Marilyn Devonish, a flexible-work strategist based in London, says there’s been “a seismic shift in the way the world works, with remote and flexible working likely to become the norm after the pandemic is over, once organisations learn how to effectively manage and motivate remote employees”.
Beginning 24 July, Barbados implemented a Welcome Stamp plan to allow visitors to work from the Caribbean island for 12 months (Credit: Alamy)
And if these employees can log-on from abroad, she thinks her native Barbados could become a model for others to follow. “The dream used to be to work somewhere like Thailand, but I foresee Barbados and other islands that fit the bill becoming the Caribbean versions once correct standards and procedures are in place.”

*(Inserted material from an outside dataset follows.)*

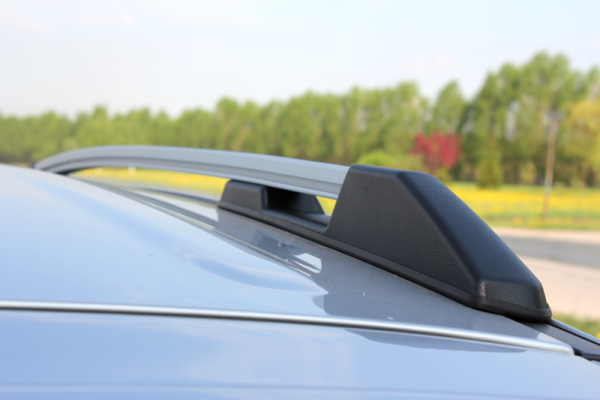 Рейлинги на крышу Kia Sportage IV (2016-н.в.)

Cook, the anthropologist, isn’t so sure. They remain sceptical about some of the hastily formed remote worker visas, saying the idea of digital nomadism – with all its idealistic images of laptops on beaches – is often used as a lazy marketing tool. Some countries, they say, are “just looking for ways to increase visitor count without really understanding the digital-nomad perspective, or that these people like to go places where there are coworking spaces, networking events and a sort of structure that doesn’t necessarily arise overnight.”
But they do think that these new visas suggest “we are going to get a merging of this digital-nomad sub-culture and this global conversation about remote work”.
The emergence of these programmes may mean that an entirely new segment of the workforce that never before considered working from abroad will now realise its potential allure. And, for digital nomads who are already looking abroad, the set-up of these semi-permanent schemes are encouraging them to slow down, settle in one place for a while and use the opportunity as a ‘test drive’.
“What this term ‘digital nomad’ will mean in a year’s time from now is a big question,” says Cook. “But people are beginning to dream again, and they’re imagining a new and better future.”